Considerado pelos colegas um técnico competente e discreto, que se
mantém distante das picuinhas políticas do dia a dia do governo e é
capaz de enfrentar missões espinhosas, aos poucos ele conquistou o
posto de um dos mais prestigiados conselheiros do restrito gabinete
presidencial. Dentro e fora do Palácio, era apontado como nome certo
para ocupar a poderosa Casa Civil, numa reforma ministerial que deve
ocorrer no início de 2013. Havia ainda um intenso lobby no Palácio do
Planalto pela sua indicação à próxima vaga de ministro do Supremo
Tribunal Federal. As possibilidades, enfim, eram inúmeras e todas elas
auspiciosas. Eram. Engolfado pelas investigações da Polícia Federal que
revelaram a existência de uma quadrilha cujos tentáculos se estendiam à
sua antessala, Luís Adams acabou envolvido no mais recente
escândalo produzido por petistas, que mistura mais uma vez poder e
corrupção.
Ainda que não figure no rol de investigados, o ministro ficou em
situação delicada com a descoberta de que o balcão de venda de
facilidades do qual participava Rosemary Noronha, a ex-chefe do
escritório da Presidência da República em São Paulo, se estendia à
AGU, um órgão de estado por onde passam interesses financeiros
monumentais e cuja atribuição principal é defender juridicamente a
União. Isso, por si, já seria grave. Mas é ainda pior: o
braço-direito de Adams, José Weber Holanda, é apontado pela Polícia
Federal e pelo Ministério Público como integrante da quadrilha. Amigo
pessoal do ministro, ele foi escolhido por Adams para ocupar o posto de
advogado-geral da União adjunto, apesar de responder a processos por
irregularidades cometidas quando exerceu cargos importantes em
outros órgãos federais. Weber foi indiciado, segundo a polícia, por
produzir pareceres jurídicos sob medida para atender aos interesses da
quadrilha. Em troca, receberia presentes e favores.

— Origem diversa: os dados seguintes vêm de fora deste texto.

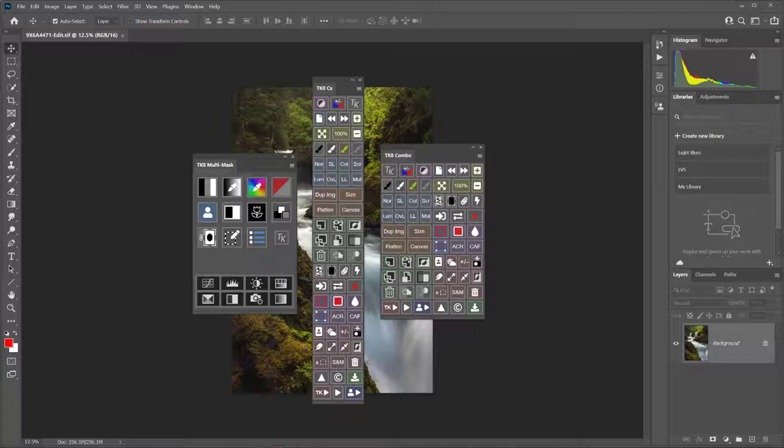In this chapter, I'll show you how to create a custom Photoshop workspace and give you some ideas on how you might choose to arrange it.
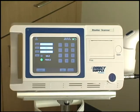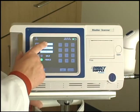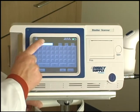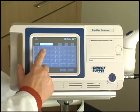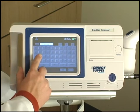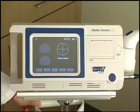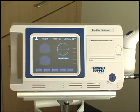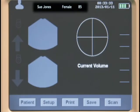To enter a patient's name, select the name data field. This will bring up a touchscreen keyboard. Once you have entered a patient's name, press the OK button. This will return you to the main screen. The resident's information will now appear at the top of the screen.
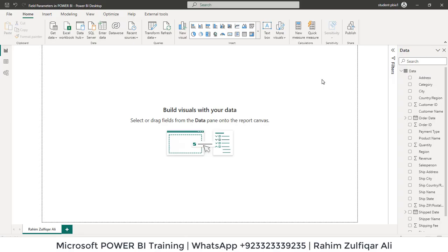Hi, this is Raheem Zulfiqar Ali from Excel Basement. In this video tutorial, we will be learning how to use field parameters in Microsoft Power BI.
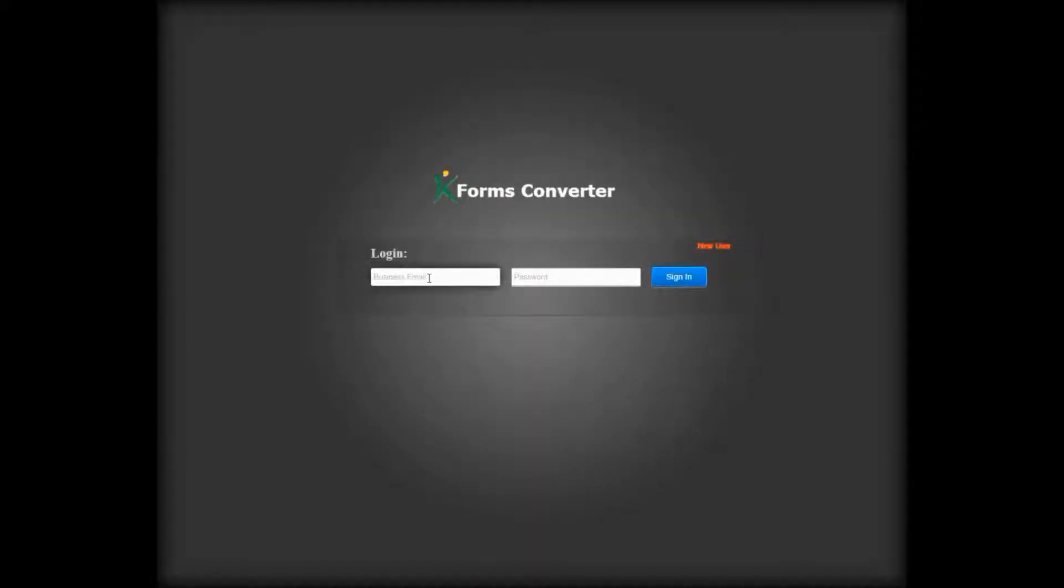Log in with Forms Converter credentials. If you don't have credentials, please click the New User link.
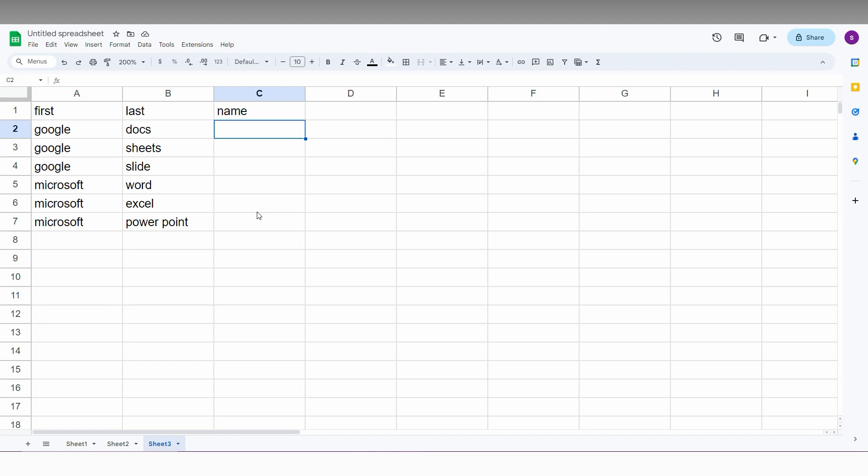First, make an equal sign, then select the first cell. Then you need to add a double quote—so open the double quote, make a space, and close with another double quote.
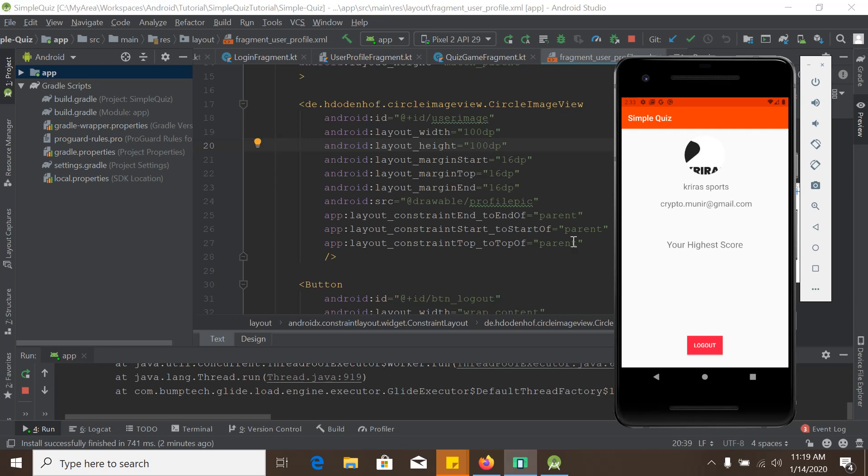Hello, I am Munir Hock and you are watching Developing Simple Quiz Android App Development Tutorial in Kotlin. This is the final or last part video of our Simple Quiz App Development series.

José Weber, também servidor de carreira da AGU, foi chefe direto de
Luís Adams doze anos atrás. Até a semana passada, ele era o
braço-direito do ministro. Ocupava uma sala contígua ao seu gabinete, ao
qual tinha acesso livre. Com frequência, o assessor representava Adams
em audiências com políticos e empresários. Internamente,
funcionários da AGU que precisavam tratar de assuntos de trabalho com o
ministro tinham de passar antes pelo crivo de Weber. O adjunto também
costumava distribuir ordens em nome do chefe. E foi nessa condição
privilegiada que ele se envolveu com o grupo de petistas que conseguia
facilidades usando atalhos construídos com base em amizades
estratégicas dentro do governo. O caso mais revelador envolve o
ex-senador da República Gilberto Miranda, o agora notório petista Paulo
Vieira e duas valiosas ilhas no litoral de São Paulo.
Há anos o ex-senador trava uma disputa judicial pela posse da Ilha de
Cabras, onde construiu uma mansão. Após perder a causa na Justiça
paulista, que o condenou a pagar uma indenização por danos ambientais,
ele tentou uma manobra para anular a sentença. Precisava, porém, do
apoio da AGU — e o conseguiu, segundo a polícia, usando os serviços da
quadrilha. Hoje, o processo está no Supremo Tribunal Federal
(STF), exatamente como pretendia o ex-senador. Existe um segundo caso
estranhíssimo, de interesse do mesmo Gilberto Miranda e também
envolvendo uma ilha, desta vez nas proximidades do Porto de Santos. O
ex-senador precisava de um parecer para obter as licenças para
a construção de um complexo portuário de 2 bilhões de reais. Novamente
com a ajuda da quadrilha, conseguiu. A polícia diz que, pelo trabalho,
Weber recebeu uma viagem. Ele nega (veja o quadro abaixo). “Do ponto de
vista pessoal, eu me sinto magoado, chocado, triste. Ainda acredito que
ele tenha condições de esclarecer”, disse Luís Adams.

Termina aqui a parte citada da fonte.